▶ **Exercise**
Write out every entry exactly as it appears, omitting the pictures.
[[ Entries shown open ]]
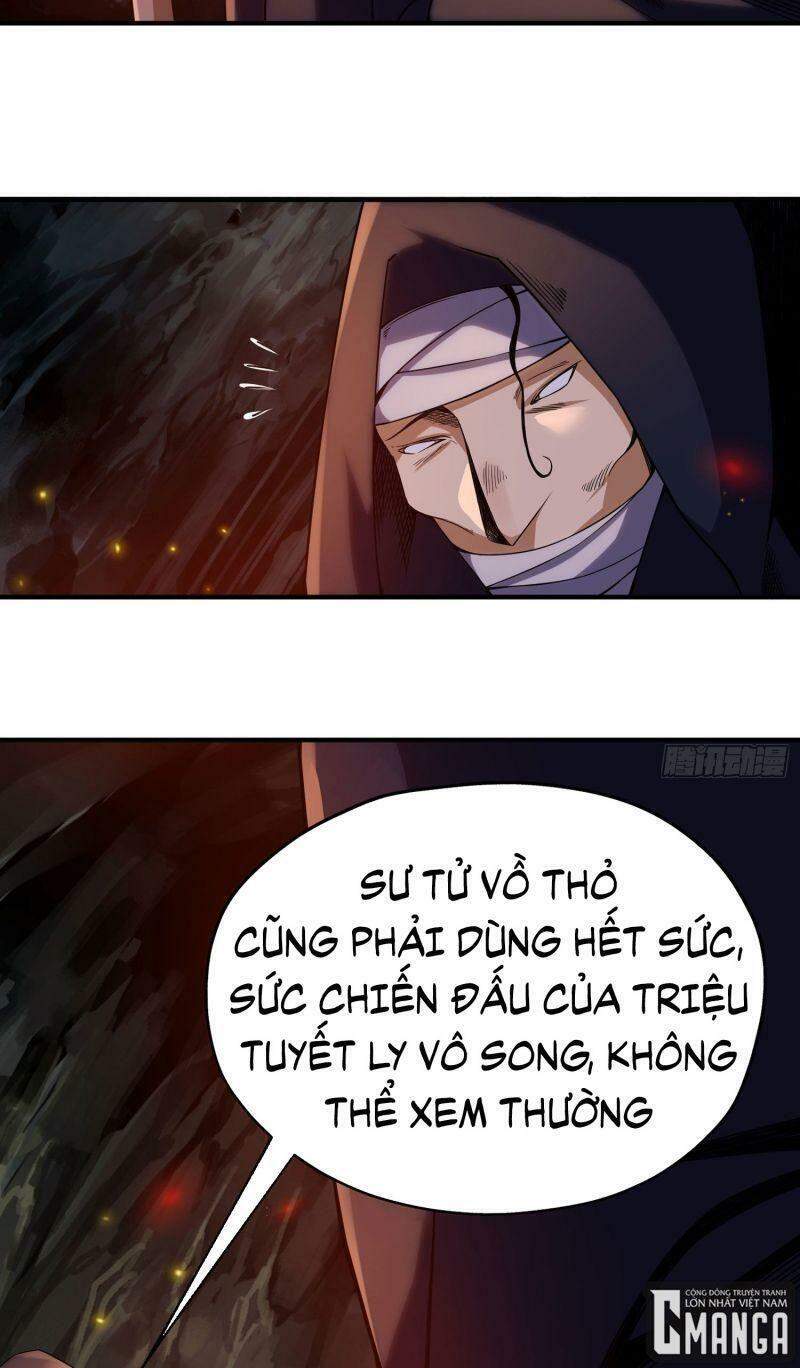 Ta Chỉ Muốn Bị Các Vị Đánh Chết chapter 4 - Upload bởi truyensieuhay.com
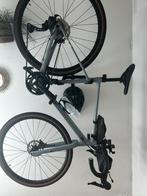 Cube Nuroad Race gravelbike lichtblauw, Fietsen en Brommers, Fietsen | Racefietsen, Overige merken, Aluminium, Ophalen of Verzenden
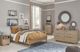 Signature Design by Ashley® Oliah 2-Piece Natural Full Platform Bed Set-3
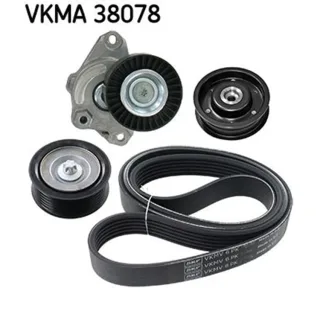 SKF Keilrippenriemensatz Mercedes Clk Cls E-Klasse M-Klasse S-Klasse Slk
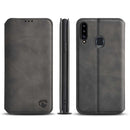 Nedis SSW10028BK Soft Wallet Book Voor Samsung Galaxy A20s Zwart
[[ Entries shown closed ]]
▶ **Response box**
 Ta Chỉ Muốn Bị Các Vị Đánh Chết chapter 4 - Upload bởi truyensieuhay.com
 Cube Nuroad Race gravelbike lichtblauw, Fietsen en Brommers, Fietsen | Racefietsen, Overige merken, Aluminium, Ophalen of Verzenden
 Signature Design by Ashley® Oliah 2-Piece Natural Full Platform Bed Set-3
 SKF Keilrippenriemensatz Mercedes Clk Cls E-Klasse M-Klasse S-Klasse Slk
 Nedis SSW10028BK Soft Wallet Book Voor Samsung Galaxy A20s Zwart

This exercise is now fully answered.